Raise fuel prices to pay for refugee crisis?
Valdis Dombrovskis, Vice-President of the EU Commission, has endorsed the proposal put forward by the German Finance Minister Schäuble to finance the reception and integration of refugees with a Europe-wide fuel tax. The Latvian press thinks little of its countryman's behaviour.
Dombrovskis focused on tax hike
Once again the people will have to foot the bill, the business daily Dienas bizness rails:
“Now even the Latvian EU Commissioner Dombrovskis has described an additional tax on petrol as an innovative solution, and backed up his claim with the argument that in any event the oil price is at an all-time low. The people of Latvia have already felt the effects of Dombrovskis' reasoning first-hand: economic crisis, consolidation, the post-crisis era. We've never had to cinch our belts this tight - which has prompted a considerable number of Latvians to buy one-way tickets to Europe. Now our Mr Euro is trying to pursue this tactic on a European level.”
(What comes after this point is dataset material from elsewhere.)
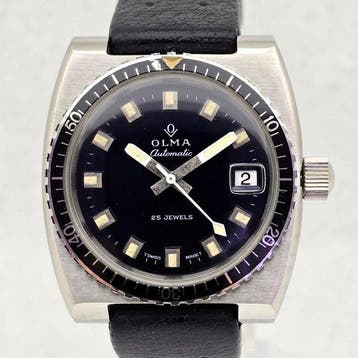 Olma - Automatic – Vintage Diver – 25 Jewels – Rotating, Nieuw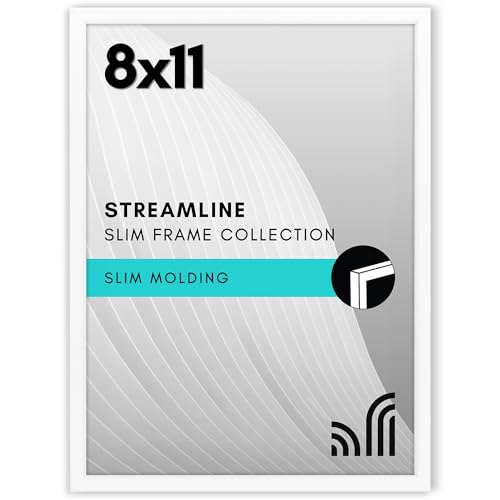 Image of Americanflat 8x11 Picture Frame with Shatter-Resistant Glass - Streamline Collection - Thin Border Photo Frame for Tabletop and Wall Display - Hanging Hardware and Easel Stand Included - White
German economy would benefit most from tax
If EU consumers are made to pay higher fuel taxes to finance the flood of refugees it will mainly help the German economy, the liberal daily Diena writes:
“For the moment the German job market needs labourers who won't raise production costs. All the more so given that the Chinese economy is collapsing and the trend in the global economy points towards deflation. ... If the refugees are willing to join the European labour market Latvians who pay the petrol tax will above all be helping the German and Swedish economies, because the wage levels are higher there. Latvia will most likely attract the least active asylum seekers.”